Chapter 21: Exercises - In-Game Win Probability
Section 21.1-21.2: Foundations and Data
Exercise 21.1 (Basic)
Define win probability in the context of basketball analytics. What does a 65% win probability mean at halftime?
Exercise 21.2 (Basic)
List the five key inputs to a standard win probability model. Explain why each factor affects the probability of winning.
Exercise 21.3 (Intermediate)
Given a game in the third quarter: - Home team leads by 8 points - 6 minutes remaining in the quarter (18 minutes total remaining) - Away team has possession
Using intuition (not a formal model), estimate the home team's win probability. Explain your reasoning.

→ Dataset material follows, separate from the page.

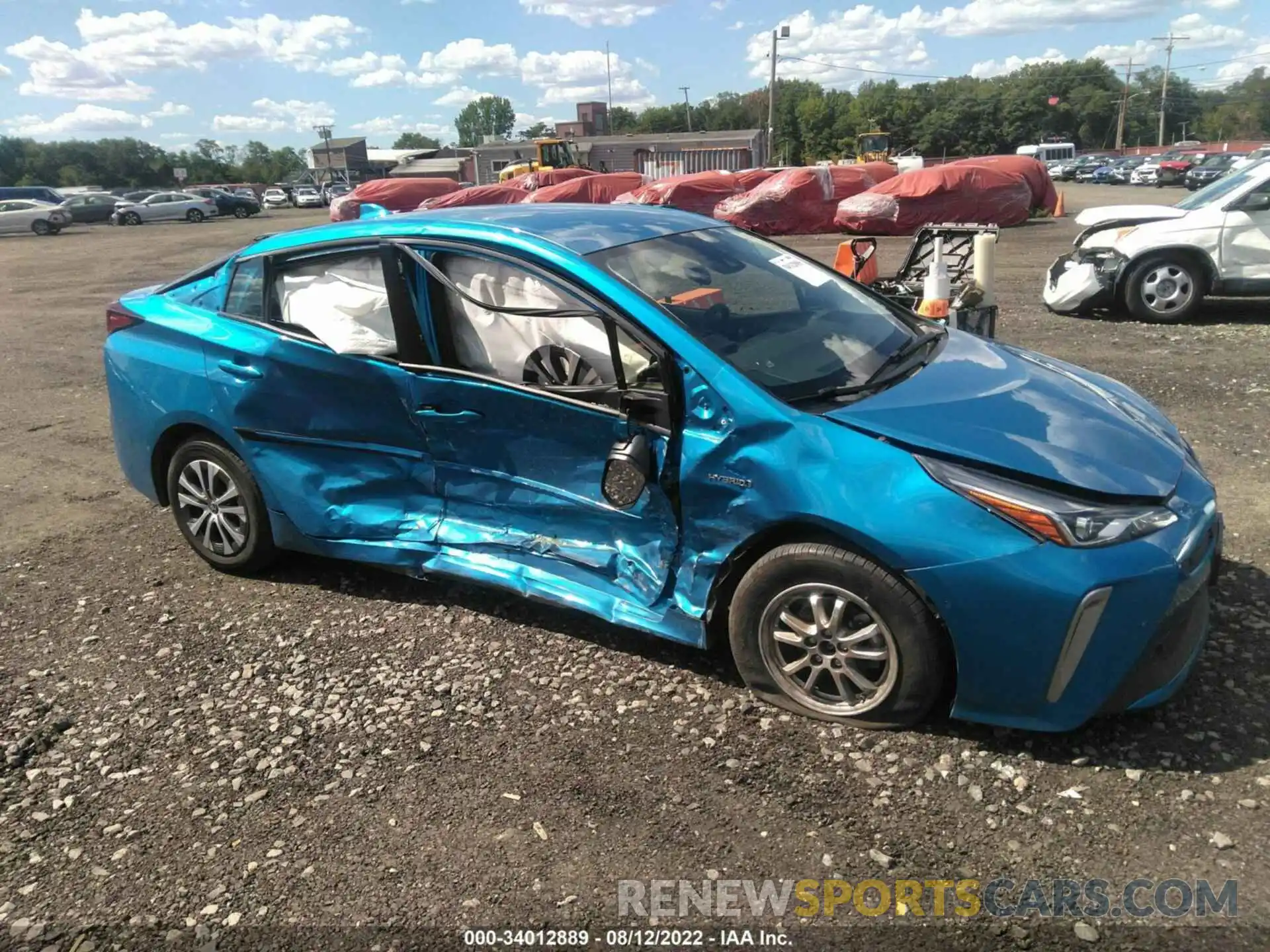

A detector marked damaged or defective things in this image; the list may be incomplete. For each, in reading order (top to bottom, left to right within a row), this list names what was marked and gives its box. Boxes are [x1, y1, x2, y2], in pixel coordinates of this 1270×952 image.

white damaged car [1042, 156, 1270, 320]
shattered side mirror [603, 436, 651, 510]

Exercise 21.4 (Intermediate)
Calculate the total seconds remaining in a game given: - Quarter 3 - Clock shows 4:32 - Regulation game (12-minute quarters)
Exercise 21.5 (Advanced)
Design a data preprocessing pipeline for win probability model training. Specify: - Required columns - Data transformations - How to handle missing values - How to create the target variable
Section 21.3: Feature Engineering
Exercise 21.6 (Basic)
Explain why score differential and time remaining interact in win probability models. Give an example where the same score differential has very different implications.
Exercise 21.7 (Basic)
A team has possession with 2 minutes remaining. The possession is worth approximately how many points in expectation? How should this affect win probability?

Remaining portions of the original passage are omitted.